# FreeBSD 10 i386 release won't properly install



## sambucuself (Apr 1, 2014)

Hello,
I've tried installing FreeBSD 10 i386 release, from disk1.iso, bootonly.iso and .img for memstick but the same problem presents itself (I've checked the hashes after downloading the images). I'm running these tests in KVM/QEMU on Ubuntu Linux 64 bit.

After the installation "succeeds" the file /etc/devd.conf reports an error during first boot - something about not being parseable, and when looking at the file (the boot process continues, but it doesn't generate the host keys and probably other tasks don't complete). The file is obviously corrupted, when looking at it I get a bunch of @@@@@@@@@@@@@@@@@@@@@@@@@@@@@@@@@@@@@@@@ characters at the end.

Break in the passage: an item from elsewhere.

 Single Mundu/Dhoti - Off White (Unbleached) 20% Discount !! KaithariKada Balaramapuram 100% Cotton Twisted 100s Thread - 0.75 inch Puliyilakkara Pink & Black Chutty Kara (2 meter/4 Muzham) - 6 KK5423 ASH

The problem that this imposes is that it is impossible to install pkg tool by using `pkg -vvv` because the downloaded archive fails the check. I'm not sure if this is due to my configuration QEMU/KVM running on 64bit Ubuntu but I thought I should report this here. I downloaded a 64bit bootonly.iso and installed without a problem.

Best regards,

Marko Radojcic


----------



## naali (Apr 1, 2014)

Same thing happens with VirtualBox with both Windows and FreeBSD host OS. The only thing that solved it for me, was to use ZFS instead of the default UFS.


----------



## wblock@ (Apr 1, 2014)

Please enter a PR.  Repeatable problems are usually a bug.


----------